ニコンおもしろレンズ工房 どどっと400 (1995)
400mm F8.0

1983年頃、これに似た構造ものでケンコーの「クローズアップ鏡胴セット」というものを持っていた。当時のクローズアップレンズは現在でもまだ持っているが、肝心の鏡胴の方を紛失してしまい、今となってもうは遊ぶことができない。クローズアップ鏡胴セットは52mm径のクローズアップレンズ(AC No.3・AC No.5・No.2)を使い、330mm F6.3と200mm F4、125mmのソフトフォーカスレンズを作ることができた。簡素なレンズとカメラマウントが取り付けられた金属製の筒と、ヘリコイドの代わりに斜めに溝があけられた内部のチューブでフォーカシングするというどどっと400の機構は、クローズアップ鏡胴セットにそっくりだが、どどっと400はクローズアップレンズを流用するのではなく、専用の2群4枚のテレフォトタイプの光学系が最初から組み込まれている。テレフォトタイプなので焦点距離の割に全長が短く、鏡胴を前後に分割してコンパクトに収納することができる構造になっているが、光学系が組み込まれた前部鏡胴は分解することはできない。前玉のフィルター径は52mm・F値はF8.0で、ケンコーのように自作絞りを入れる構造は無い。マウント部分はプラスチックである。

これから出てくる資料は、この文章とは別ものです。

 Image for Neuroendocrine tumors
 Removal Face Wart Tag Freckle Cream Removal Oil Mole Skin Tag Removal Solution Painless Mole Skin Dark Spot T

発売時は他の二本のレンズ(ぎょぎょっと、ぐぐっと/ふわっと)とともに、Nikonロゴやエンブレム風のステッカーが同梱されていたらしいが、現在は1000円の値札が奢られており無常観を盛り上げている。

カメラボディにに装着した状態。
週末は丁度良い天気だったのでこのレンズを持って出かけてみる。ファインダーは暗く、ミラー切れで視野枠上方にはカゲリが出る。フォーカスエイドは使えないものの、マット面でフォーカシングをすることができる。フォーカシングチューブの操作は滑らかではないが、クローズアップ鏡胴セットよりはガタも少なく操作がしやすいように思える。
望遠レンズの拡大威力と言っていいのだろうか、そういうものを感じる目的で、50mmで撮影したものとどどっと400の画像を比べてみよう。

f=50mm F8.0
Nikon D800E, AF-S NIKKOR 24-70mm F2.8G ED

f=400mm F8.0相当
Nikon D800E, おもしろレンズ工房 どどっと400

シャープ補正+軸上色収差補正+コントラスト補正

当たり前だが、400mmなので50mmに比べ8倍の倍率で遠方が拡大されて写る。と同時に、ナノクリズームの圧倒的なコントラストにも関心する。どどっと400はレンズ内面が曇っており、ハレ切りはしているものの猛烈にコントラストが低い。解像力は素晴らしいわけではないが、周辺光量不足もなく周辺まで画質が均一で、その点では良く写っている。下の画像は、Caputure NX-Dで現像時に軸上色収差とコントラストを補正し、シャープのパラメータを変更したもの。
Amazonにカニ目レンチを注文したので、内面のクモリを清掃してから、後日また撮ってみようと思う。モノコートレンズとはいえ、2群4枚というシンプルな構成で、鏡胴内も通常のレンズと変わらず丁寧に溝が掘られ艶消し塗装が施されている。レンズを拭けばもっと良く写るに違いない。